5C. [Repositories] Multiple Outputs with Data Transforms2. Create Your Folder Structure And Repository

2 - Create Your Folder Structure and Repository

This content is also available at learn.palantir.com ↗ and is presented here for accessibility purposes.

📖 Task Introduction

A Transform Project typically combines sources and applies additional business logic to produce enriched datasets. In general, these datasets are not meant for general exposure (the ones in the Ontology Project stage are). This task will help you implement the recommended high-level directory structure for your own transform project.

🔨 Task Instructions

  1. Create a new folder in your .../Temporary Training Artifacts/yourName/Data Engineering Tutorials/ folder called Transform Project: Alert Metrics.

  2. Add the following folders inside that top-level project folder:

    • /data
    • /documentation
    • /analysis
  3. Create a new Python transform code repository named flight_alert_metrics_logic.
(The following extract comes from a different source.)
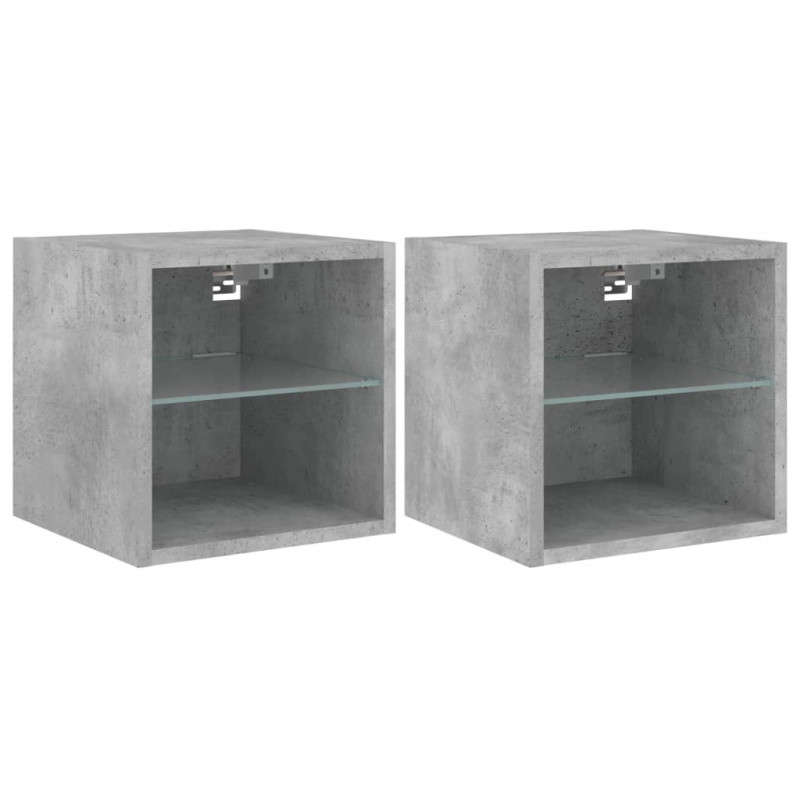 Ścienne szafki TV z LED, 2 szt., szarość betonu, 30x28,5x30 cm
  4. Create a new branch from Master called yourName/feature/join_data.

  5. In your repository’s /datasets folder, create two new sub-folders: transformed and output. This will place the datasets output by your transforms into the folder structure recommended in the documentation.

    • In short, the output folder represents the final product of the Transforms Project, while any pre-work needed to create that output product happens in the transformed folder.